> **WHAT IS BEING ASKED**: Set the pictures aside and return each record below precisely as written.

++++ MATERIAL FOR THIS EXERCISE

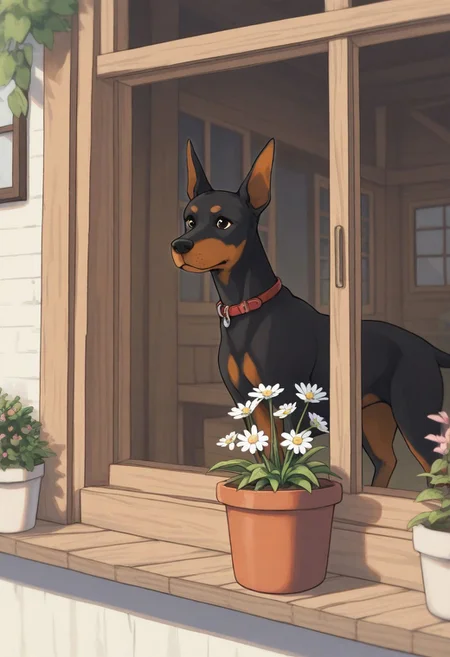 "(masterpiece, best quality, high quality, highres), very awa, highres, absurdres,
(naguru \(cyoroama\):0.9), (chii-kun \(seedyoulater\):0.7), 
(doberman:1.1),
(no humans:1.1), (cute:1.2), comfy, solo, cozy,
outdoors, 2 store house, looking in a window, flower pot, peeping, happy, joy, sunny day, "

++++++++

> **ANSWER TO THIS PROBLEM**:
 "(masterpiece, best quality, high quality, highres), very awa, highres, absurdres,
(naguru \(cyoroama\):0.9), (chii-kun \(seedyoulater\):0.7), 
(doberman:1.1),
(no humans:1.1), (cute:1.2), comfy, solo, cozy,
outdoors, 2 store house, looking in a window, flower pot, peeping, happy, joy, sunny day, "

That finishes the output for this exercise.